Friday 110218

Morning Only:
1A. On the Minute (CFFootball)
Perform 2 Power Snatches on the minute for 15 minutes
Rx'd - 154#/109#

Rest 2 minutes

2A. Pull ups &Wall Sits
For time:
100 Pull ups (40-30-20-10)
Wall Sit Hold, 300 seconds (120-90-60-30)
Can't do less than what's listed in parenthesis before having to move on to next exercise but can do more. Guys cannot use butterfly but ladies may. Wall sit minimums must be unbroken.

Rest 2 minutes

3A. Mid-Line Stabilization
For time and sets:
65 Glute-Ham Sit ups
(Score is time plus fewest sets)

Post results to comments.

Coach Rip doing what he does best.

8 comments:

JonD said...

1A.
All 30 completed, started to feel easier as the workout progressed.

2A.
12:30ish not sure. Pull ups felt good.
Kipping Pull ups
40 (15-10-8-7)
30 (10-6-7-4-3)
20 (10-5-5)
10 (5-3-2)
Wall Sits (BOO)
90 seconds or so and then finished the rest
unbroken throughout 90-60-30

3A.
? time
15-15-10-10-8-7

Jon

Shelley said...

1A: Used 99#; missed once so only got 29

2A: 13:42, followed the set scheme as written; broke pullups up a lot throughout; never did more than 6 in a row; wall sits were tougher than I expected

3A: untimed; broke up 35,15 and 15; definitely felt it in quads more after changing technique after first round so as not to hurt my back

Unknown said...

1a. Missed my second snatch at the very beginning of the work out. I was able to complete the rest of them. I agree with Jon, as the work out progressed and I started thinking less, the weight went up easier.

1b. I believe 10:41 based on Dustin's timing.

1c. 3min and something. not quite sure.

Addi said...

1A: 30 completed... my right knee was a little funny getting set up, but it calmed down eventually.

1B: 14:57 - Pullups felt good. Several sets of ten, and I threw in some butterfly here and there for the practice. Wall sits were pure torture. 120 and 90 were hell, and most certainly NOT unbroken. Lots of falling and cramping and wanting to cry. 60 and 30 were unbroken and felt a LOT better once I figured out how to relax into it.

1C: 4:49 in 4 sets (25, 20, 15, 10) I had planned to do it in 3, but my lower back had other ideas.

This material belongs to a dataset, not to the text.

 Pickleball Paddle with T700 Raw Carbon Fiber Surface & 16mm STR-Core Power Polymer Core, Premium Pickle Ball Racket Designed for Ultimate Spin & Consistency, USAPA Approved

Still, these are a weakness for me, so I'm happy with those.

Holy quads. So excited for the rest days.

Stacie said...

1A:
30 @ 109# - Agree with y'all, got easier as we went.

1B:
11:?? - Combination between butterfly and kipping, sets of 10 the entire 100. Not satisfied with this. And my hands hurt.

1C:
Shared my machine with Neil, no time. Did 3 sets: 20, 25, 20. Other than my shoes nearly falling off every 8 reps or so... these felt really good. I'm sure that will be a different story in 48 hours. :)

Tovar said...

1A. Started with 154lbs but missed 4 attempts in the first two minutes. Dropped to 132lbs and didn't miss for a long time so eventually worked my way back up to 147lbs. I sucked at snatch this morning. Need to work on getting full extension.

1B. Completed this in 3 rounds by doing 5 extra reps on the first two sets of pullups(eliminating the last set of 10) and doing 10 extra seconds on the three sets of wall sits (eliminating the last set of 30 secs). Finished in 10:40.

1C. Did this in two sets of 35 and 30. Finished in 3:22.

Joe H said...

1a. The snatch owned me today. I wish I could say that everyday, Kidding. Only did 132 and honestley that is all I could handle. Sick I think..?
2B. 20-15-5,20-10, 10-10, 10. Not bad on the sets but thank God for the hand wraps. No idea on time but just behind Neil.
3A. I hate you Glut Ham. My back is not exactly sure what happened so I only did 30 of these. Took forever.

Pingel said...

1A:
30 @ 156# - Sets 2 through 10 felt good but 11-15 were a beast!

1B:
11:51 - Probably was not the best method but just went till I could not go anymore. Next time I think I will take it in sets, got burnt out. Wall sits were killer!

1C:
Really the first time doing this movement, did three sets of 10. My quads were burning so I think I was doing it right.